7. String replacement

String replacement, at present, suffers from the lack of a simple operator and a straightforward syntax. It may be accomplished "manually" by capturing the match results, as described above, and then applying SUBST and CONCAT to:

a) extract the substrings before and after the matched text, and

b) combining this "prefix" and "suffix" with the substitute text.

8. Pattern variables

A pattern variable is a fixed identifier that can hold a changeable pattern. This changeable pattern can then be made part of a fixed pattern, or otherwise invoked from the precompiled program.

This is done in patternForth by storing the address of the pattern in a Forth VARIABLE. The address of a compiled pattern can be obtained with the Forth ' (tick) operator. This pattern is then later referenced by either

a) variable-name @ EVALUATE
to evaulate it as the "main" or entire pattern, or

b) variable-name @ EXECUTE
within another pattern, to evaluate it as a subpattern.

It is also possible to store the address of a pattern in the associated data field of a string; in this case, the $@ operator would be used.

Acquiring patterns from input data is more involved, since input data is text, and patterns are compiled Forth words. This conversion is "run-time compilation."

9. Run-time compilation

The ability to run Forth's compiler or "text interpreter" during an application program is a simple extension to Forth [WIN82]. Newer Forths [ANS89] include this feature in the Forth kernel.

Run-time compilation is needed to create patterns from input data, since patterns are compiled Forth words. It emulates two SNOBOL4 functions:

a) CODE - to compile a text string as program source code; and

b) EVAL - to evaluate an expression.

In patternForth, the difference between these two operators is basically whether or not the Forth compiling "state" is active. This is implementation dependent among Forths, but the usual operators are

] to set the "compiling" state

[ to set the "interpreting" state

 

10. Future work

 a) ARRAYs

 ARRAYs in SNOBOL4 are similar to TABLEs, except that they take an integer index. Unlike a TABLE, it is possible to access all of the elements in an ARRAY, without knowing their contents. ARRAYs may dynamically expand, and ideally contract as well.

The ARRAY may be thought of as a special kind of TABLE, i.e., a set of string descriptors which are accessed in a different way. Two ideas for implementation are:

a) Store the array elements in 64 linked lists, whose headers are stored in a two level tree just like the root of a TABLE. The array index is factored into two parts; one to select one of the 64 lists, the other to determine position along the list.

b) Store pointers to the array elements in such a tree, but allow the tree to expand (grow a new level) as the number of elements exceeds 64. A three-level "root" tree would index 512 elements, and so forth.

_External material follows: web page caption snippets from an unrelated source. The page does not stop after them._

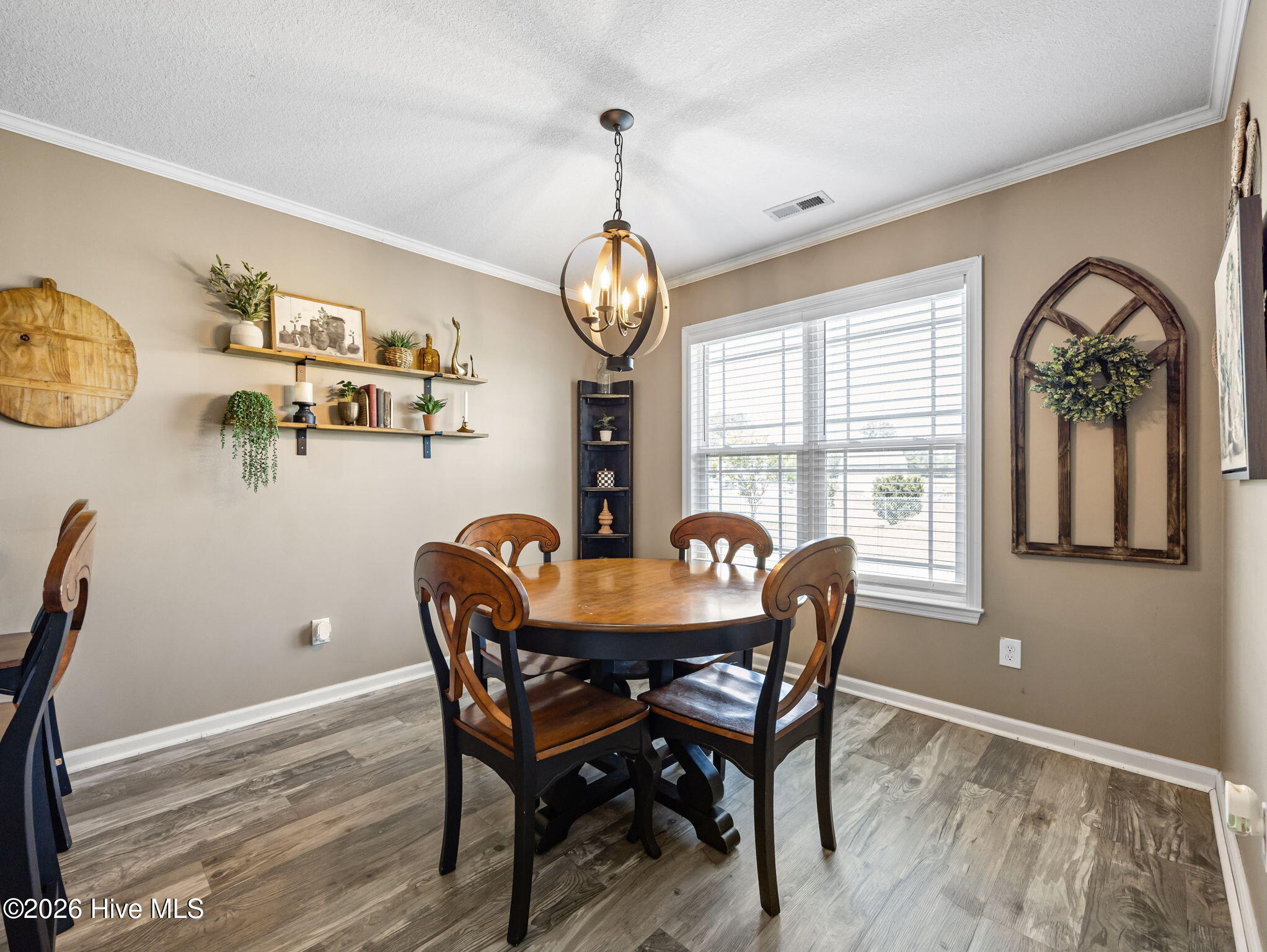 100567595 | Photo 11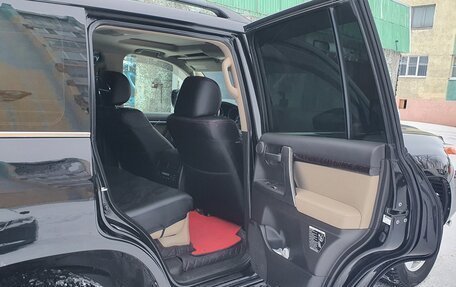 Toyota Land Cruiser 200, 2011 год, 4 550 000 рублей, 8 фотография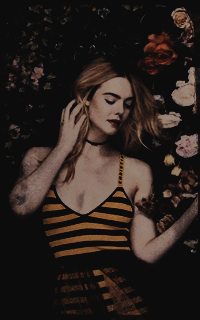 Elle Fanning KxYWv78G_o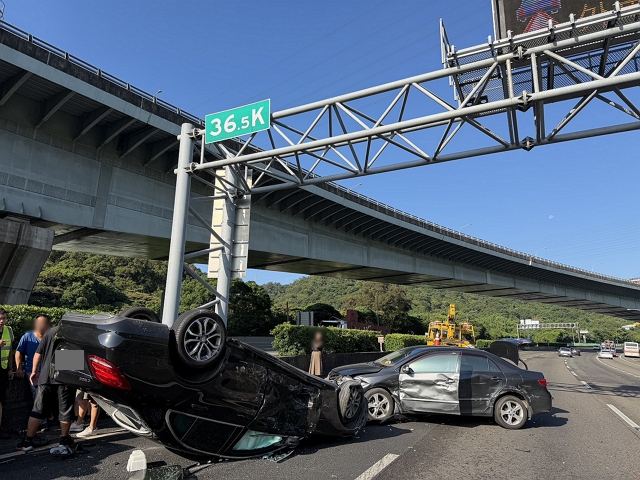 楊男疑因變換車道不當，陸續擦撞3車，還造成其中一輛賓士車翻覆。警方提供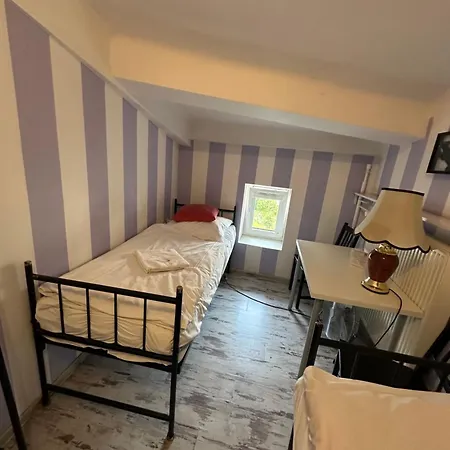 Ab Auberge de jeunesse *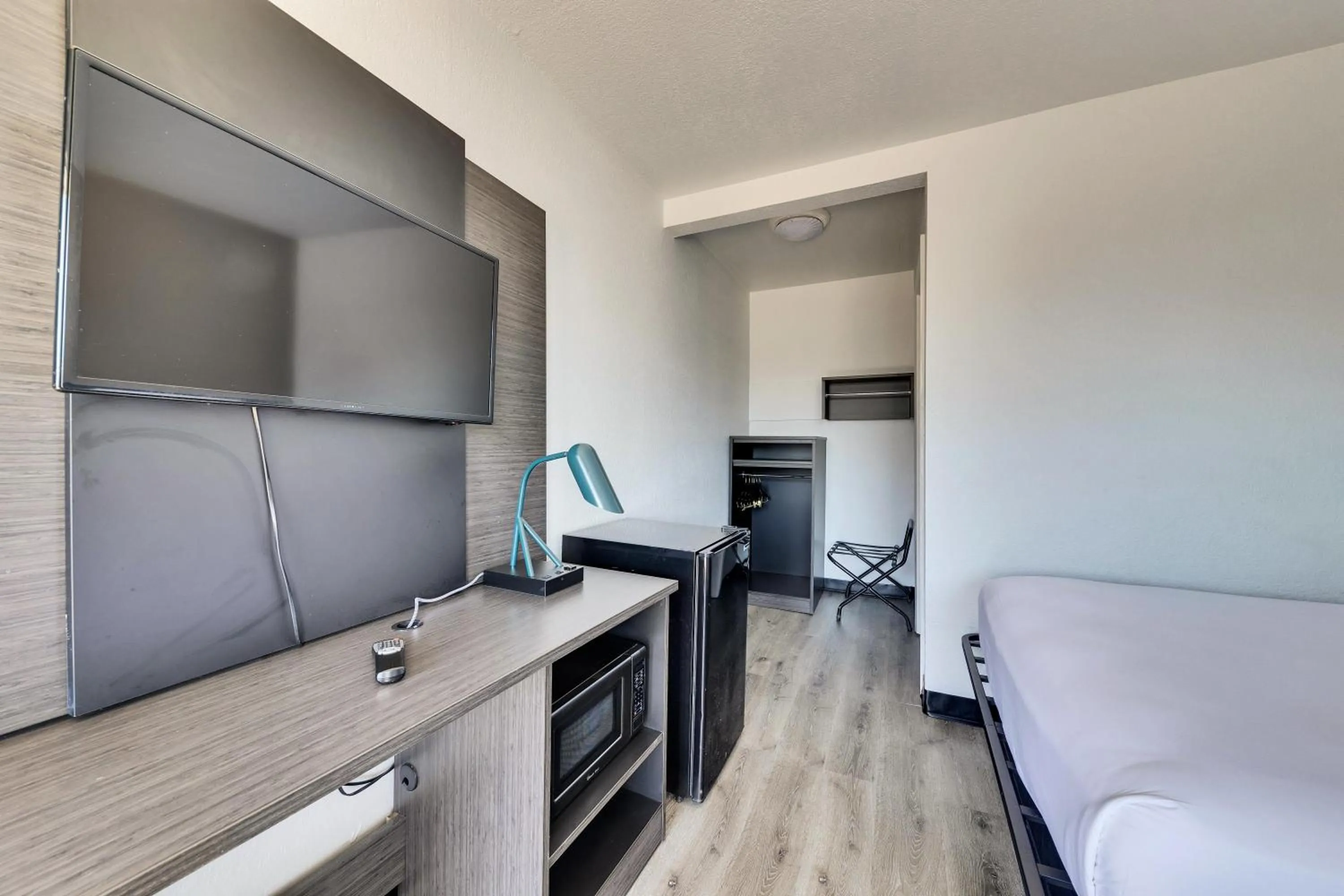 TV and multimedia in Motel 6-Austin, TX - Airport - South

The former method has the advantage of making ARRAYs physically resemble TABLEs, simplifying the conversion between the two forms. The latter method has the advantage of faster access to a given element, especially for large ARRAYs.

b) ABORT

The SNOBOL4 ABORT, when encountered anywhere in a pattern, immediately halts the pattern match without trying any more alternatives, and returns failure.

Such an operator in patternForth would require saving the state of the Return stack as well as the Data stack, which itself is not a novel operation [ROD89b].

c) FENCE

The SNOBOL4 FENCE prevents the pattern matcher from "backing up" past a given point in the pattern.

This could be implemented as a special kind of backtrack record. (It may also be possible to derive this from the existing patternForth functions, but how this would be done is still unclear.)

d) REPLACE

The SNOBOL4 REPLACE function, applied to a string, maps one character set to another.

This is a simple function to implement in machine code, using a 256-byte translation table to convert 8-bit character codes. It is not currently included in patternForth because is not expected to be useful with the binary data of control applications.

e) easier string replacement

The problem of replacing a matched substring with another string requires a significant effort on the part of the patternForth programmer. It would be useful to devise a Forth-like syntax for string replacement, and to implement this as a simple operator in patternForth.